> [WORK TO COMPLETE]: Among the lines below, list those containing the string "background".

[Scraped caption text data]
-- Opening Marker --

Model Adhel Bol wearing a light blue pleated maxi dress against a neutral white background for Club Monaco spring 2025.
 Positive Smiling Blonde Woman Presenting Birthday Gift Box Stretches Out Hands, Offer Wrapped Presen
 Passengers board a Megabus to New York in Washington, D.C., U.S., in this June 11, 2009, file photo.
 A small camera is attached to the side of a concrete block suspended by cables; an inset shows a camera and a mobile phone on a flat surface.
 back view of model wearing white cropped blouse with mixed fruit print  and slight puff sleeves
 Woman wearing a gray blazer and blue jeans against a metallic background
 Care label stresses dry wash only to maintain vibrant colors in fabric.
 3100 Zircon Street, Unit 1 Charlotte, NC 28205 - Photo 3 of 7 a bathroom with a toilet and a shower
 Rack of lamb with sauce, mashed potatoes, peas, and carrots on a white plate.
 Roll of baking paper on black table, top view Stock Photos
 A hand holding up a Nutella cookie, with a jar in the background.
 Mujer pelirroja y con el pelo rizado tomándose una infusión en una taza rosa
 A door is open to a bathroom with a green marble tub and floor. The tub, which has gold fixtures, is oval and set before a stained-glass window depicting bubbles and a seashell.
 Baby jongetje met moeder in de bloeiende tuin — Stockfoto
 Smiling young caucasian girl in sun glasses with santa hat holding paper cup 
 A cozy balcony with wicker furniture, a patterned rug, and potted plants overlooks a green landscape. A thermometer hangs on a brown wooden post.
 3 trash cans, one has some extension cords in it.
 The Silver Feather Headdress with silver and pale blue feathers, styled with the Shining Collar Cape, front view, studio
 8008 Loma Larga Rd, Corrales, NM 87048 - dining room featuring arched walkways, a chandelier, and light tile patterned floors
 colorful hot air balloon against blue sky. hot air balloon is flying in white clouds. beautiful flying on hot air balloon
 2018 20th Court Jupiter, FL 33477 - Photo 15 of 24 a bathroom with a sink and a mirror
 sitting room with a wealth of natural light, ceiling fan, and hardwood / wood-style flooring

-- Closing Marker --

> [OUTPUT BELOW]:
Model Adhel Bol wearing a light blue pleated maxi dress against a neutral white background for Club Monaco spring 2025.
 Woman wearing a gray blazer and blue jeans against a metallic background
 A hand holding up a Nutella cookie, with a jar in the background.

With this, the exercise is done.